Wednesday, 3 August 2011

Adapting to Localism

I have been enjoying Tim Harford's 'Adapt (Why Success Always Starts with Failure)'. Some interesting lessons here in terms of the decentralisation debate.

Harford argues that trail and error is an effective tool for solving problems. As the world gets more complicated, it appears that a bottom-up trial and error approach may work better than the old top-down hierarchies. For those interested in pushing decentralisation in government, this will sound familiar. Indeed, the fact that decentralisation allows for experimentation is one of the big pluses highlighted by advocates of moving power away from Whitehall. Those converted to this argument will enjoy the examples, from the military and the private sector, that Harford uses in his book.

A note of caution, however. Harford argues that experimentation is only part of the solution. Organisations need to be prepared to fail, to identify failure and to respond to such failure by changing course. These are things that do not come easily to government (of course, they don't come easily to business either). In some quarters David Cameron's willingness to change his mind is already opening him to criticism (and even ridicule). Personal experience suggests that both politicians and policy makers tend to start with the working assumption that their policies are working. Contrasts the randomistas that Harford describes conducting socio-economic experiments in developing countries who justify random assignment by assuming that their intervention will have no effect.
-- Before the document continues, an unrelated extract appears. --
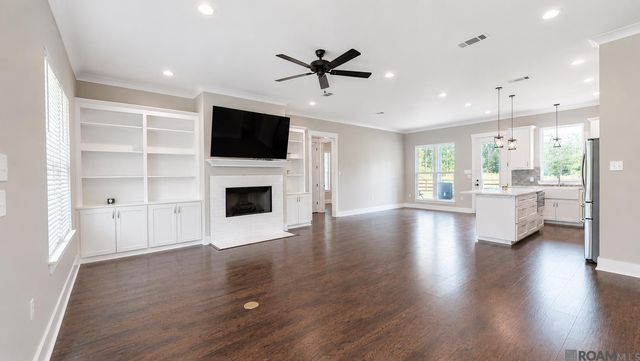15370 Milldale Rd, Zachary, LA 70791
These different outlooks often make policy makers averse to proper open evaluation of their policies. Harford explains this aversion by appealing to several 'nudge type' explanations of why we struggle to learn from mistakes. Policy evaluation might not matter so much if there were other effective feedback loops in place. But the type of group incentive mechanisms that Harford describes in his book may be difficult to implement in the public sector (where outcomes may be harder to evaluate and assign to specific groups) than in the private sector. Local democracy may, unfortunately, prove a rather weak feedback mechanism (especially when strong vested interests are involved). All this suggests that the coalition government needs to give as much thought to the problem of the feedback on, and adaption to, failure as it is currently giving to the promotion of experimentation.

A few further thoughts.

For those of us that struggle with many aspects of the planning system the book highlights the key problems for those who create visionary top-down plans (rather than the kind that adapt e.g., to market signals). It also provides a great example, the 'Merton rule', which explains why some of us worry about the unintended consequences of the government's decision to go for Zero-Carbon homes (you'll have to read the book).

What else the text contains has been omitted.